Monday, October 16, 2006

Predatory Lender Gets Ten Years in the Clink

by Christopher Peterson

Will the possibility of ten years in a state prison deter payday lenders from circumventing consumer protection laws? I guess we'll find out. Last August Assistant State Attorney Russ Edgar from Pensacola, Florida obtained a guilty verdict in a state "little RICO" Act prosecution of a notorious payday lender. The trial court recently finished the sentencing phase of the trial, giving John Gill, Jr. ten years in the clink. Read the story here.

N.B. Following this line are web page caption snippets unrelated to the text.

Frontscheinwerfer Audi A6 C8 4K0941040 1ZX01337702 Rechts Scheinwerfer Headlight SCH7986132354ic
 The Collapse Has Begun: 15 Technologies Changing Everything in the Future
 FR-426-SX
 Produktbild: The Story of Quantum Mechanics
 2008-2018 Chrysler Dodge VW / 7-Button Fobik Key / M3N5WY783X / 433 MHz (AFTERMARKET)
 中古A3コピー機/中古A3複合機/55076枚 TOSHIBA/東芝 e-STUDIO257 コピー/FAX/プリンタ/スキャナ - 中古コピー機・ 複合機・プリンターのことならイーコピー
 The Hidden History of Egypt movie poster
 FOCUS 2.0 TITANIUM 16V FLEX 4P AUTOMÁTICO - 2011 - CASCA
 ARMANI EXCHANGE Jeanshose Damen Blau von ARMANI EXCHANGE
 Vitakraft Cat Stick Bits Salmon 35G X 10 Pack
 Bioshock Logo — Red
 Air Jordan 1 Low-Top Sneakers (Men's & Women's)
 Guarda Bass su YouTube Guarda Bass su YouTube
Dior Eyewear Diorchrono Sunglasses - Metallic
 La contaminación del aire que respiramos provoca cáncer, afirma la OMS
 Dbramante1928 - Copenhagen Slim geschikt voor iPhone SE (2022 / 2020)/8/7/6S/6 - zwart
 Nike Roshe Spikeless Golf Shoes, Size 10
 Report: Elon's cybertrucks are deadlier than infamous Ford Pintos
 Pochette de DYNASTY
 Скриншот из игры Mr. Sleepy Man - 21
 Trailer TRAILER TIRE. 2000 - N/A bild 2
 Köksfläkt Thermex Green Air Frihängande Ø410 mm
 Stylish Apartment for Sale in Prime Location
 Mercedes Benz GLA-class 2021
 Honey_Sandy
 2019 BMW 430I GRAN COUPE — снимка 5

Mr. Gill operated strip-mall loan outlets in several states around the country, usually without obtaining a license or even attempting to comply with state lending laws. His companies disguised payday loans as purchases of internet services or catalogue certificates combined with a "rebate." In a typical transaction, a consumer would receive $600.00 in cash (the "rebate") and be obligated to pay $100.00 every two weeks for an entire year. The consumer would also have the right to schedule appointments to use a computer at the store location to access the Internet for up to ten hours every two weeks. At one point Mr. Gil did obtain a license to legally lend within Florida's industry-drafted statute (which currently allows payday lending at interest rates of around 390%). But, he apparently found the regulations to onerous, instead opting to turn in his license and lend illegally.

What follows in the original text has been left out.